Moscow heat, smoke double death rate
Wildfires, scorching temperature produce thick smog
Deaths in Moscow have doubled and are now averaging 700 people a day amid a sweltering heat wave and poisonous smog from wildfires, a top Russian health official said on Monday.
Moscow health chief Andrei Seltsovky blamed weeks of unprecedented heat and suffocating smog for the rise in mortality compared with the same time last year, Russian news agencies reported.
He said city mortuaries are close to their capacity, with 1,300 bodies.
Acrid smog blanketed Moscow for a sixth straight day on Monday, with concentrations of carbon monoxide and other poisonous substances two or three times higher than what is considered safe.
Those airborne pollutants reached a record over the weekend — exceeding the safe limit by nearly seven times.
"The best way is to leave Moscow, to a dacha or elsewhere, the farther the better," one Muscovite, Viktor Kanygin said.
About 550 separate blazes were burning nationwide on Monday, mainly across western Russia, including about 40 around Moscow, according to the Emergencies Ministry.
Forest and peat bog fires have been triggered by the most intense heat wave in 130 years.
Daily highs have reached up to 38 C, compared with the summer average of 24 C, and according to the forecast, there will be no respite this week.
At least 52 people have died directly in the wildfires and over 2,000 homes have been destroyed.

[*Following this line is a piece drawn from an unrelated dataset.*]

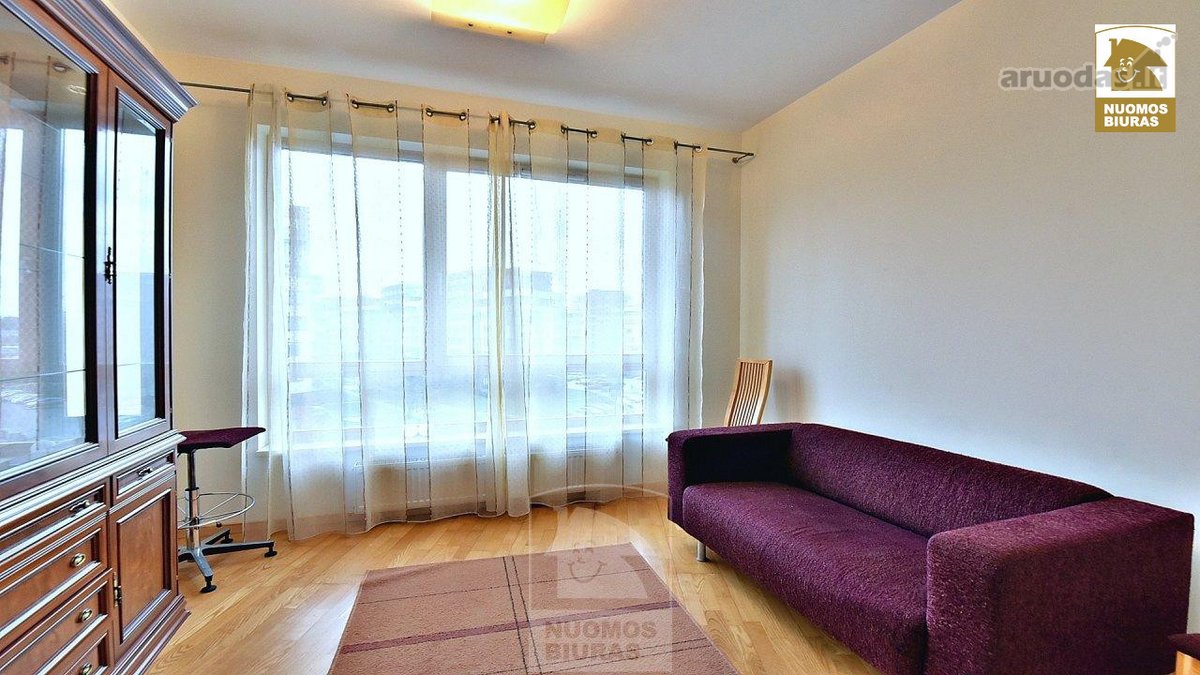 Lazdynuose Ramioje Vietoje Išnuomojamas - nuotraukos Nr. 15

Flights to Moscow have been delayed and diverted.
Russian authorities have acknowledged that the 10,000 firefighters battling the blazes aren't enough, and sent thousands of soldiers to help fight the fires.

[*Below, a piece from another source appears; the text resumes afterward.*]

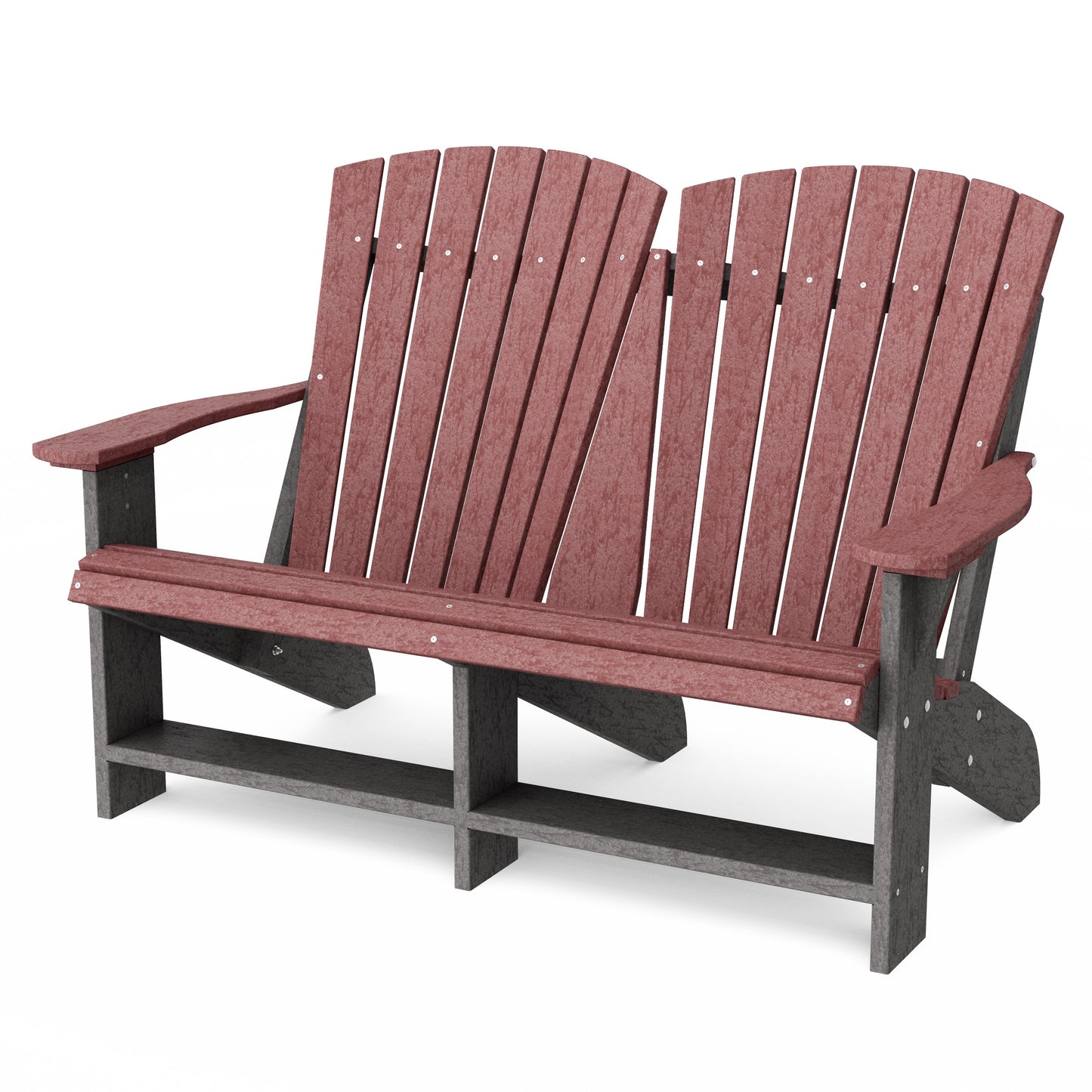 Heritage Adirondack Bench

Neighbouring Ukraine is also battling with fires as it suffers its worst heat wave on record.
On Sunday firefighters in Dnepropetrovsk region, aided by soldiers, battled blazes in Novomoskovsky district.
Temperatures have soared to 42 C in Ukraine's eastern, central and southern regions, with minor wildfires across the country.
President Viktor Yanukovych interrupted his holiday in the Crimea to monitor the situation.
Forecasters predict at least two more weeks of high temperatures.